• [Directions]:
Give back exactly the line containing "481 E 3675 N, North" and all that follow it in the data below, with the pictures left out.

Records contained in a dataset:
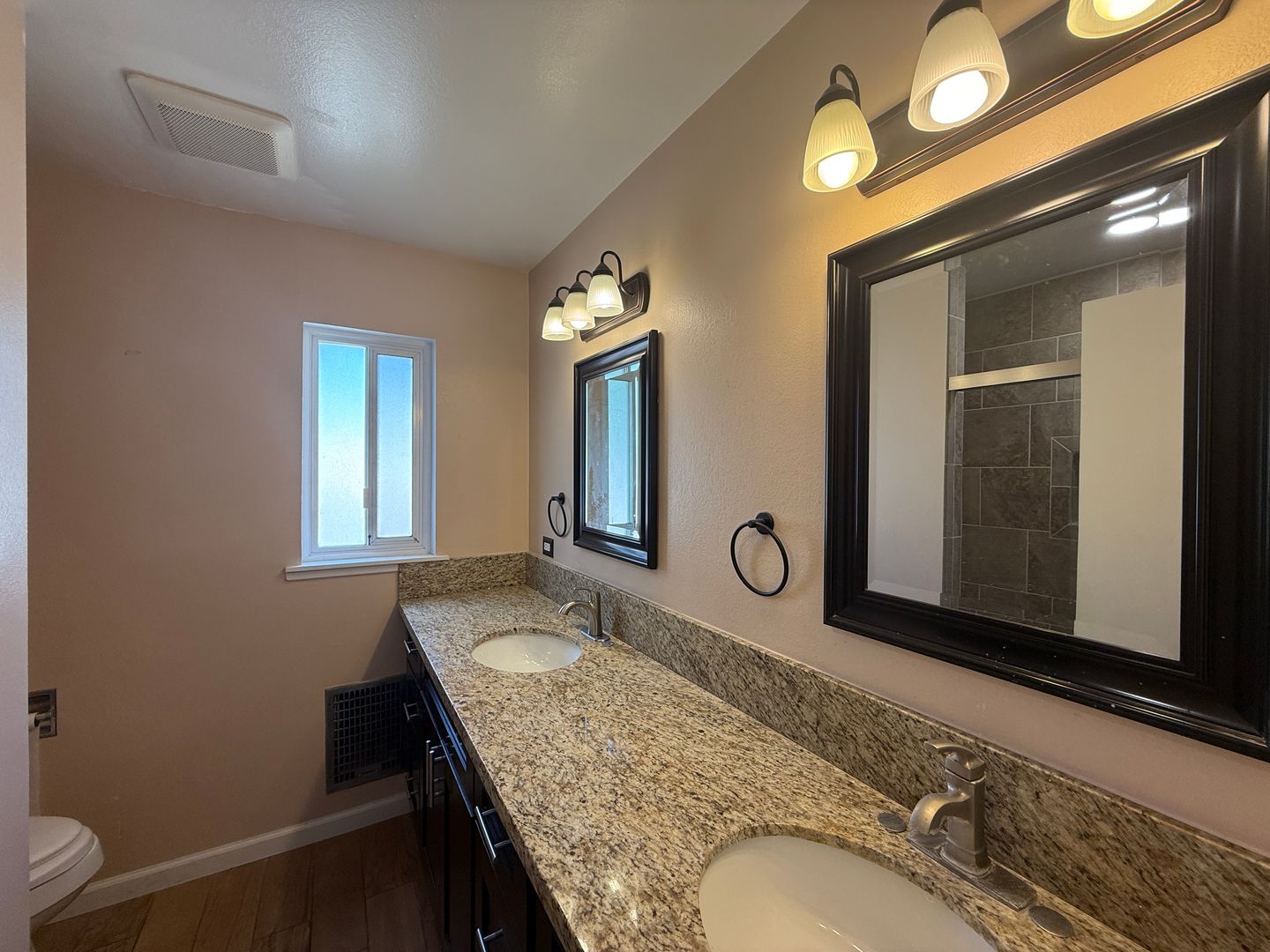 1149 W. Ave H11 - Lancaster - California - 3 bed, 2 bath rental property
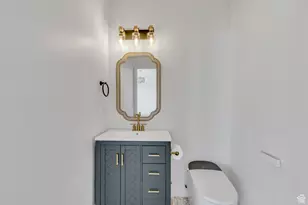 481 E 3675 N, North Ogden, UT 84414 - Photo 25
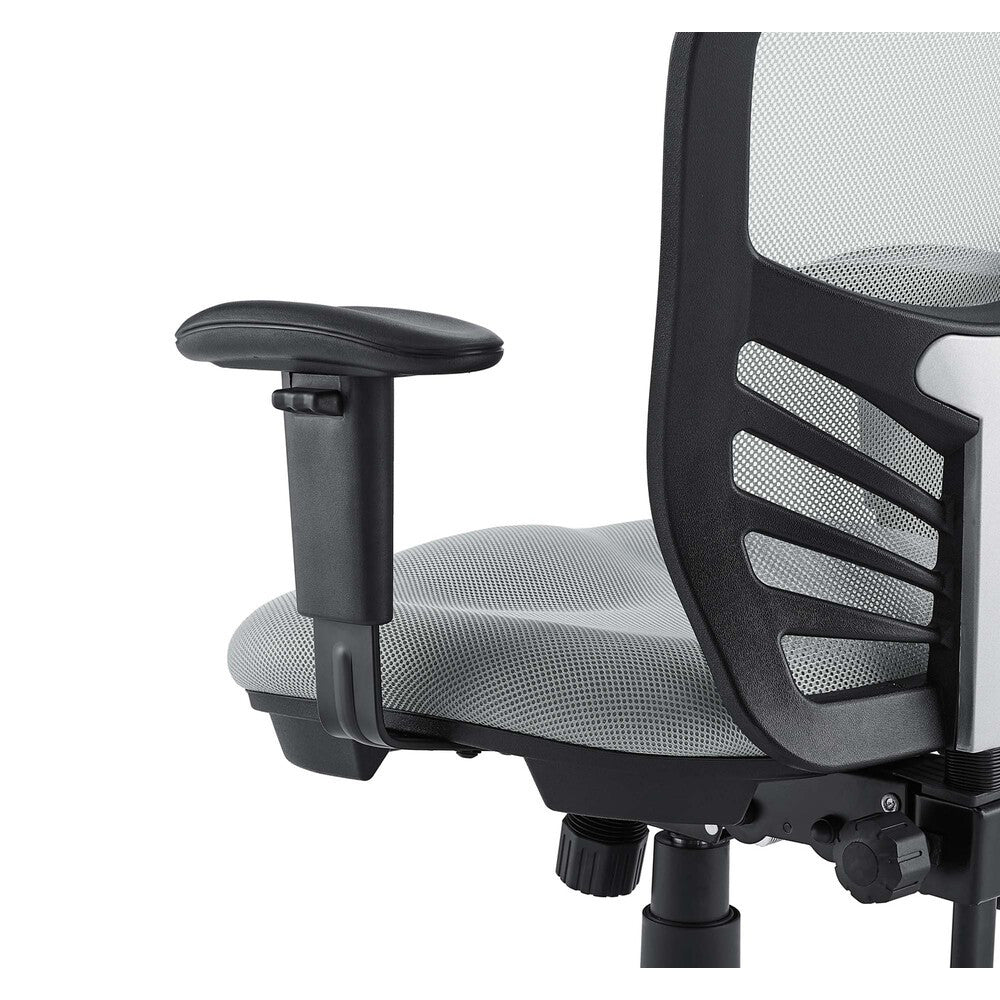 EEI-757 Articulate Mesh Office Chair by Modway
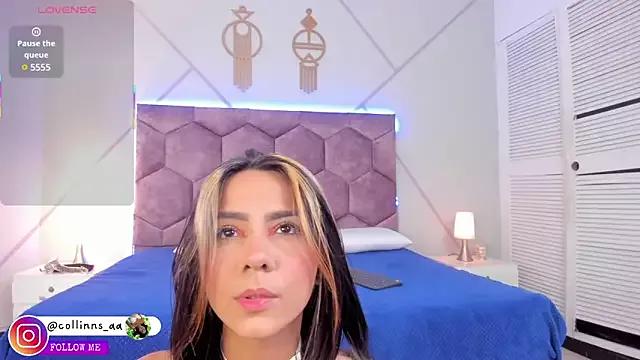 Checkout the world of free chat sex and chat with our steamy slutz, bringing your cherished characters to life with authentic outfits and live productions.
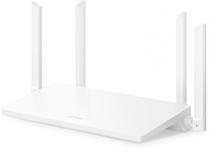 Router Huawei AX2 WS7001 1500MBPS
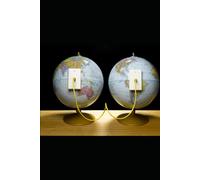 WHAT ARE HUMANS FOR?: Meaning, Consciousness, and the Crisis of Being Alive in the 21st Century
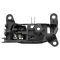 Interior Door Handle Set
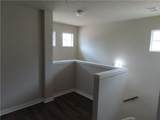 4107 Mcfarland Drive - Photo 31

• [Reply to the exercise]:
 481 E 3675 N, North Ogden, UT 84414 - Photo 25
 EEI-757 Articulate Mesh Office Chair by Modway
 Checkout the world of free chat sex and chat with our steamy slutz, bringing your cherished characters to life with authentic outfits and live productions.
 Router Huawei AX2 WS7001 1500MBPS
 WHAT ARE HUMANS FOR?: Meaning, Consciousness, and the Crisis of Being Alive in the 21st Century
 Interior Door Handle Set
 4107 Mcfarland Drive - Photo 31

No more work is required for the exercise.